In this Leetcode Merge Sorted Array problem solution, You are given two integer arrays nums1 and nums2, sorted in non-decreasing order, and two integers m and n, representing the number of elements in nums1 and nums2 respectively. Merge nums1 and nums2 into a single array sorted in non-decreasing order.

The function should not return the final sorted array, but instead, be stored inside the array nums1. To accommodate this, nums1 has a length of m + n, where the first m elements denote the elements that should be merged, and the last n elements are set to 0 and should be ignored. nums2 has a length of n.

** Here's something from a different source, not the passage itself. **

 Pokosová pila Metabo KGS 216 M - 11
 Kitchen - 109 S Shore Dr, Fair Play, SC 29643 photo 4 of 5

Leetcode Merge Sorted Array problem solution


Problem solution in Python.

def merge(self, nums1, m, nums2, n):
        i=0
        for x in range(len(nums1)):
            if i>=n:
                break
            if nums1[x]==0:
                nums1[x]=nums2[i]
                i+=1           
        nums1.sort()



Problem solution in Java.

public void merge(int A[], int m, int B[], int n) {
        int insertIndex = m+n-1;
        int indexA = m-1,indexB = n-1;
        
        while(indexB>=0){
            if(indexA<0){
                A[insertIndex--] = B[indexB--];
            }else{
                if(B[indexB]>=A[indexA]){
                    A[insertIndex--] = B[indexB--];
                }else{
                    A[insertIndex--] = A[indexA--];
                }
            }
        }
    }


Problem solution in C++.

class Solution {
public:
    void merge(vector<int>& nums1, int m, vector<int>& nums2, int n) {
        int i=0, j=0;
        vector<int> nums;
        while(1)
        {
            if(i==m)
            {
                while(j<n)
                {
                    nums.push_back(nums2[j]);
                    j++;
                }
                break;
            }
            
            else if(j==n)
            {
                while(i<m)
                {
                    nums.push_back(nums1[i]);
                    i++;
                }
                break;
            }
            
            else
            {
                if(nums1[i] < nums2[j])
                {
                    nums.push_back(nums1[i]);
                    i++;
                }
                else
                {
                    nums.push_back(nums2[j]);
                    j++;
                }
            }
        }
        
        for(i=0; i<m+n; i++)
            nums1[i] = nums[i];
    }
};


Problem solution in C.

int compare (int *a, int *b){
    
    return *a > *b;
}

void merge(int* nums1, int nums1Size, int m, int* nums2, int nums2Size, int n){

    int i;
    
    for(i = 0; i < n; i++){
        
        nums1[m + i] = nums2[i];
    }
    
    qsort(nums1, nums1Size, sizeof(int), compare);
    
}